After starting its work more than two years ago, the Commission has released a set of preliminary policy recommendations. They now plan to build a new school funding formula — based on the cost of those ideas — for the Maryland General Assembly to take action on in 2019.

But in the meantime, we’re engaging educators and our community partners to make sure the Commission gets the policy recommendations right. So MSEA is writing a series of briefs designed to help you get up to speed and give you a chance to voice your thoughts.

Last week, we covered the Commission’s recommendations to expand access to public pre-K programs:

This week, we’re focusing on their preliminary plan to make Maryland’s educator workforce the best in the nation and a leader in the world.

Rebuilding the Teaching Profession Pipeline

The Kirwan Commission has focused heavily on addressing declining enrollment in teacher preparation programs in Maryland and across the country. According to the Learning Policy Institute, enrollment in U.S. teacher-preparation programs dropped from 691,000 in 2009 to 451,000 in 2014, a 35 percent decline. Maryland has seen similar negative trends: University of Maryland data shows that our state saw a 19% decline in enrollment in undergraduate and graduate programs from 2010–2014:

University of Maryland College of Education graph of P-12 Longitudinal Data System Dashboards

With fewer applicants for teacher education programs, universities in Maryland are less selective with who they accept. According to Kirwan Commission draft documents:

“While the University of Maryland, College Park Campus (UMCP) and Towson University both require a 3.0 minimum GPA for candidates, the academic record of the high school students going into teacher education at UMCP are among the lowest of those going into any professional preparation program, and, alarmingly, only a handful of students among the thousands entering these two universities every year elect to prepare themselves to be teachers.”

Meanwhile, data shows that our education preparation programs are failing to adequately train many students. The University of Maryland has found that the state’s 24 school districts hire just 30–40% of recent graduates from teacher preparation programs. Instead, 68% of their new hires are from out-of-state — coming from preparation programs that the state has no ability to improve or hold accountable.

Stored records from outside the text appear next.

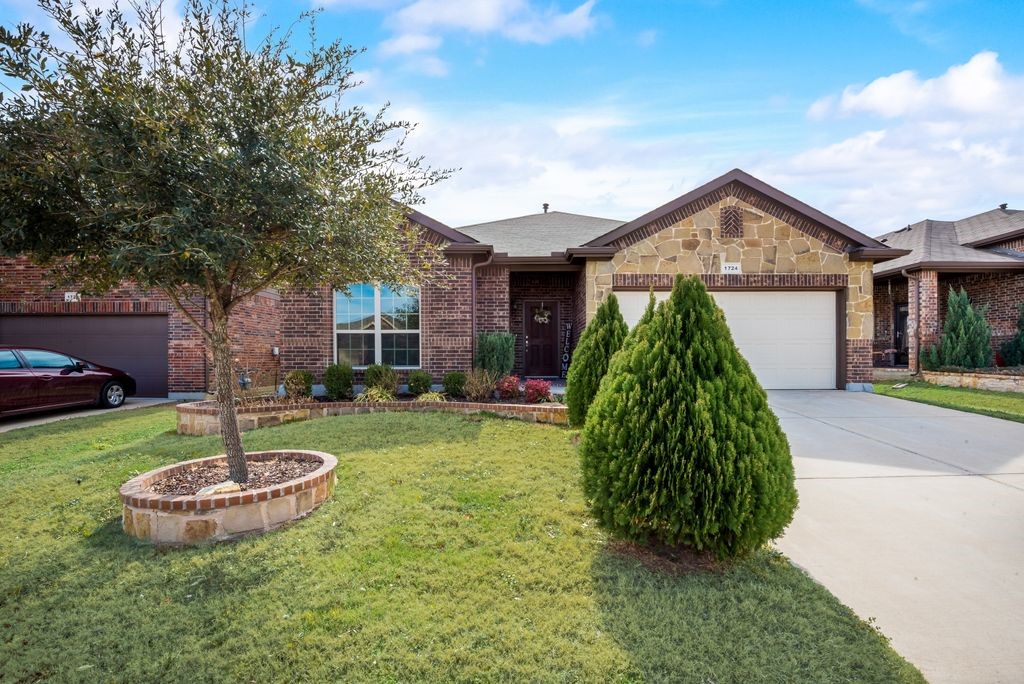 1724 Kachina Lodge Road Fort Worth TX 76131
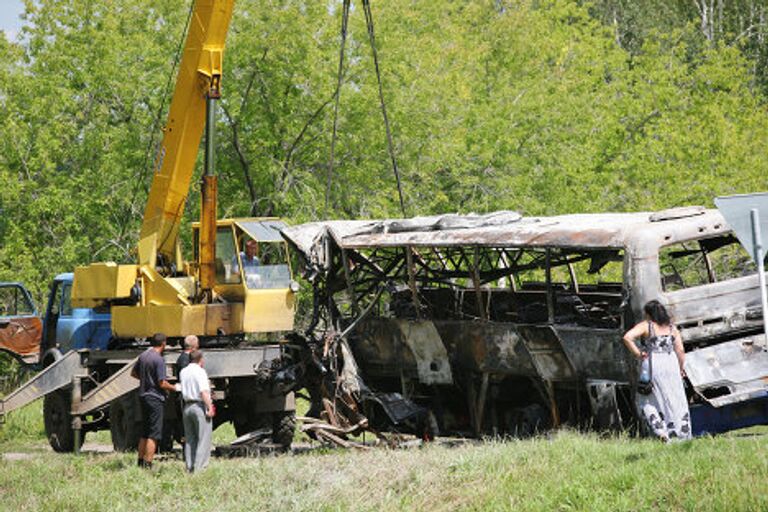 Последствия столкновения пассажирского автобуса с КАМАЗом в Новосибирской области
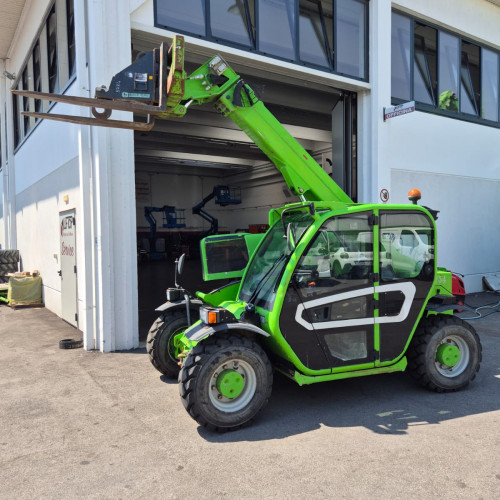 Merlo P 27.6 PLUS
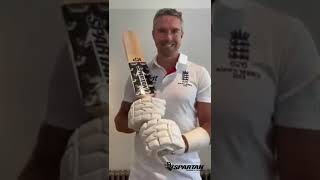 Kevin Pietersen & David Warner with Spartan Cricket Bats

In an effort to drive up demand for entering Maryland’s teaching profession and ensure more recent graduates are hired in Maryland schools, the Kirwan Commission has made the following preliminary recommendations:

  1. Offer high-performing graduating seniors at Maryland high schools a free college education — including tuition, fees, and room and board — if they major in education and commit to teach for a certain number of years (to be determined in the final report or in future legislation) in a Maryland public school. Priority would be given to applicants who commit to teach in high-needs schools. The scholarship would also be made available for career changers who need to go back to school to get teacher certification and college students who change their major to education.
  2. Mandate that universities improve the standards for entering education preparation programs and increase rigor for what is expected for graduation.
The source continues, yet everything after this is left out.